→ SUPPLIED DATA:
=-=-=-=-=

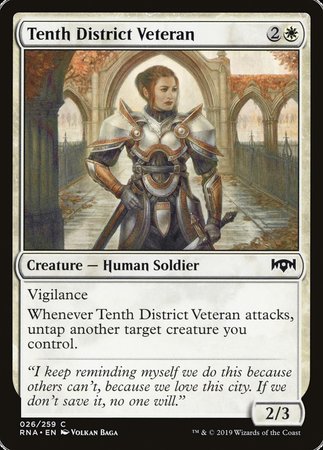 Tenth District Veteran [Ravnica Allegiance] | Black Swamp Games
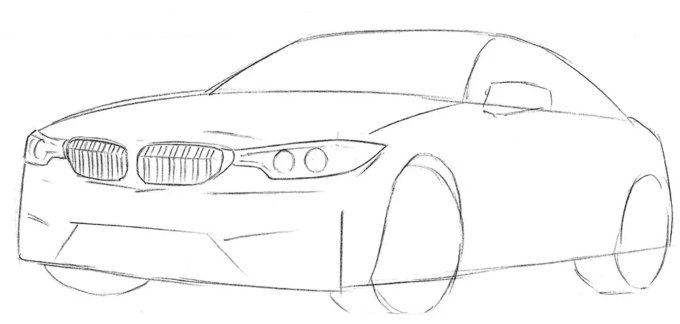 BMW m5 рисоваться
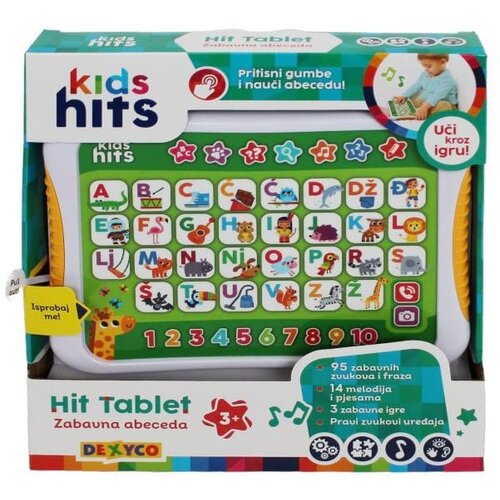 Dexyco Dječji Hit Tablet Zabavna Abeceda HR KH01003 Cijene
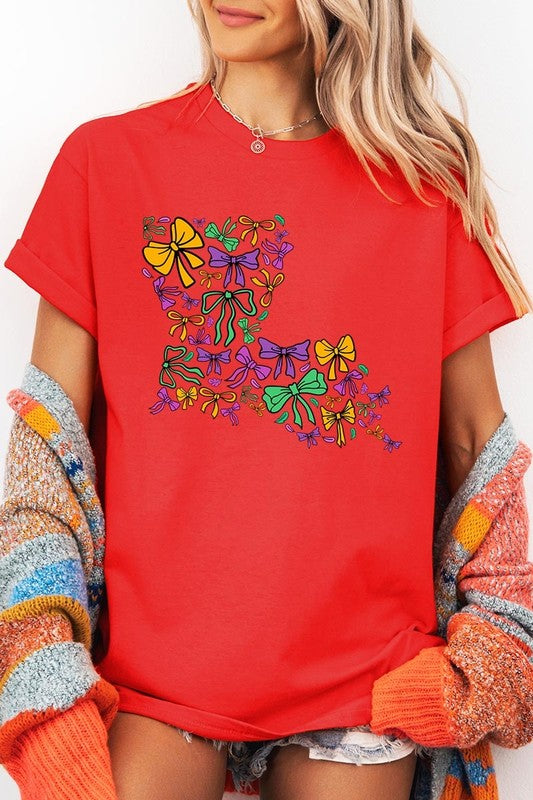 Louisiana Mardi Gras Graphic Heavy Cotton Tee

=-=-=-=-=

→ WORK REQUEST: From the line containing "BMW m5 рисоваться" down to the end of the data above, reproduce each line exactly; no pictures.

→ FINISHED TASK:
 BMW m5 рисоваться
 Dexyco Dječji Hit Tablet Zabavna Abeceda HR KH01003 Cijene
 Louisiana Mardi Gras Graphic Heavy Cotton Tee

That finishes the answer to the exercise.